Drug-eluting stents used in chronic total occlusion were associated with significantly fewer major adverse cardiac events and fewer occurrences of target vessel revascularisation, restenosis and stent occlusion compared with bare-metal stents. Although there was a statistical trend toward a higher risk of stent thrombosis with drug-eluting stents, but further evidence is needed to confirm this.

CRD commentary

Inclusion criteria for the review were clearly defined and several relevant databases were searched without language restrictions. Publication bias was assessed, and there was little evidence to indicate its presence in any of the analyses. Two authors performed study selection, data extraction and quality assessment, which should have minimised the possibility of error and bias in the analysis.

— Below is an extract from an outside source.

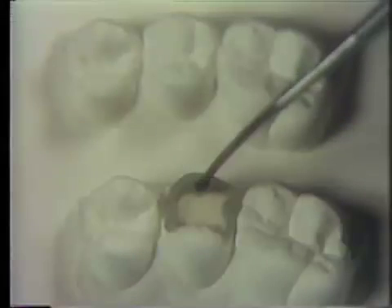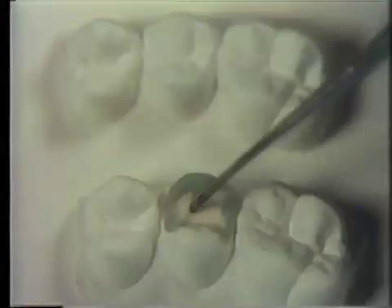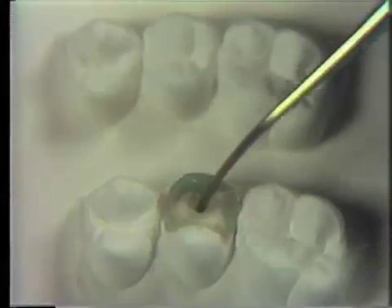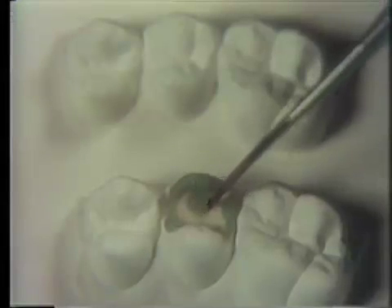Next, develop the triangular ridge. Draw out wax from the base of the cusp cone. Add sufficient wax to develop the convexity of the triangular ridge. Several repetitive increments will have to be added to achieve this. Slightly over-accentuate the contour to complete the triangular ridge.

Quality assessment indicated the moderate quality of most of the included studies, which the authors acknowledged. Studies were combined using random-effects meta-analysis; sources of heterogeneity were explored, which was appropriate.

The review was generally well conducted and the authors’ conclusions appear appropriate.

Implications of the review for practice and research

Practice: The authors did not state any implications for practice.

Research: The authors stated that further research is needed to assess the rate of stent thrombosis with drug-eluting stents.

Funding

Not stated.

Bibliographic details

Colmenarez HJ, Escaned J, Fernandez C, Lobo L, Cano S, del Angel JG, Alfonso F, Jimenez P, Banuelos C, Gonzalo N, Garcia E, Hernandez R, Macaya C. Efficacy and safety of drug-eluting stents in chronic total coronary occlusion recanalization: a systematic review and meta-analysis. Journal of the American College of Cardiology 2010; 55(17): 1854-1866. [PubMed: 20413038]

Indexing Status

Subject indexing assigned by NLM

MeSH

Coronary Occlusion /therapy; Drug-Eluting Stents; Humans; Randomized Controlled Trials as Topic; Recurrence; Stents /adverse effects

AccessionNumber

12010003446

Database entry date

13/10/2010

Record Status

This is a critical abstract of a systematic review that meets the criteria for inclusion on DARE. Each critical abstract contains a brief summary of the review methods, results and conclusions followed by a detailed critical assessment on the reliability of the review and the conclusions drawn.

CRD has determined that this article meets the DARE scientific quality criteria for a systematic review.